TWU responds to Qantas CEO early departure

The TWU national secretary hasn’t minced words following Joyce’s early departure from the Qantas top job

Following the announcement yesterday that Qantas CEO Alan Joyce will depart from the role early, the Transport Workers’ Union (TWU) has responded.

TWU national secretary Michael Kaine says Joyce’s departure is welcome news for workers and “the first good decision the Qantas board has made for a very long time”.

“The question now should turn to whether the board should spill their positions following years of decimated jobs and standards, illegal outsourcing and outrageous bonuses,” Kaine says.

“Alan Joyce is slipping into retirement two months early with a $24 million pay packet, leaving one of the biggest messes in corporate Australia’s history in his wake.

“After finally receiving the public scrutiny he deserves for trashing one of Australia’s most cherished companies, Alan Joyce is exiting with a $10 million bonus, announced on Friday.

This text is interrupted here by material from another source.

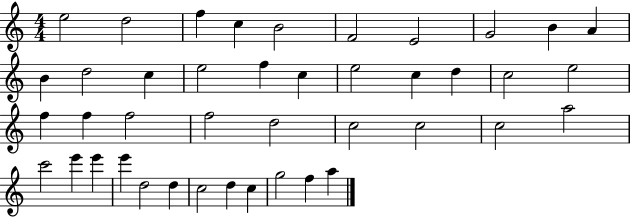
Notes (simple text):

E5/h D5/h F5/q C5/q B4/h F4/h E4/h G4/h B4/q A4/q B4/q D5/h C5/q E5/h F5/q C5/q E5/h C5/q D5/q C5/h E5/h F5/q F5/q F5/h F5/h D5/h C5/h C5/h C5/h A5/h C6/h E6/q E6/q E6/q D5/h D5/q C5/h D5/q C5/q G5/h F5/q A5/q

“This is a classic Joyce move: pretend to take responsibility while pocketing obscene amounts of money. He must be stripped of those bonuses immediately.”

Kaine says Australians are furious with Joyce’s leadership, which he says has seen three court challenges from workers, a safety regulator and the consumer watchdog.

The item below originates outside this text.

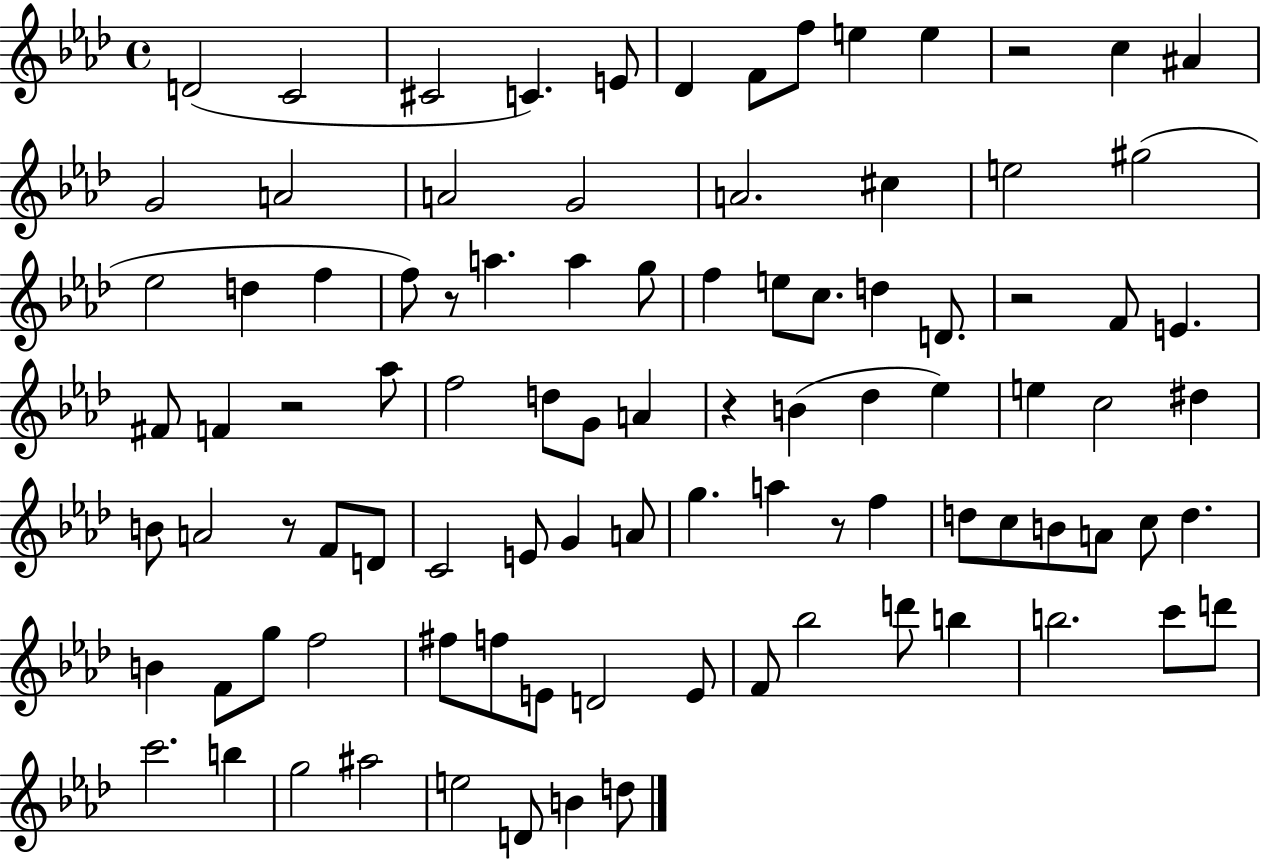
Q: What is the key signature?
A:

“On top of that, Joyce led 15 years of wage suppression, grounding of the fleet and illegal outsourcing. It’s little wonder Qantas is also facing a class action from customers,” Kaine says.

“Qantas posted a record $2.5 billion profit after receiving $2.7 billion in taxpayer handouts, while obliterating its brand through unconscionable attacks on workers and treating customers like mugs.

“The new regime must embark on a total reset. Qantas needs to bring back good, secure jobs and quality standards.

“Joyce’s departure must draw a line under the ideology that has ruthlessly gone after staff and shown contempt for customers. We need a Safe and Secure Skies Commission to set appropriate standards for workers and the travelling public.”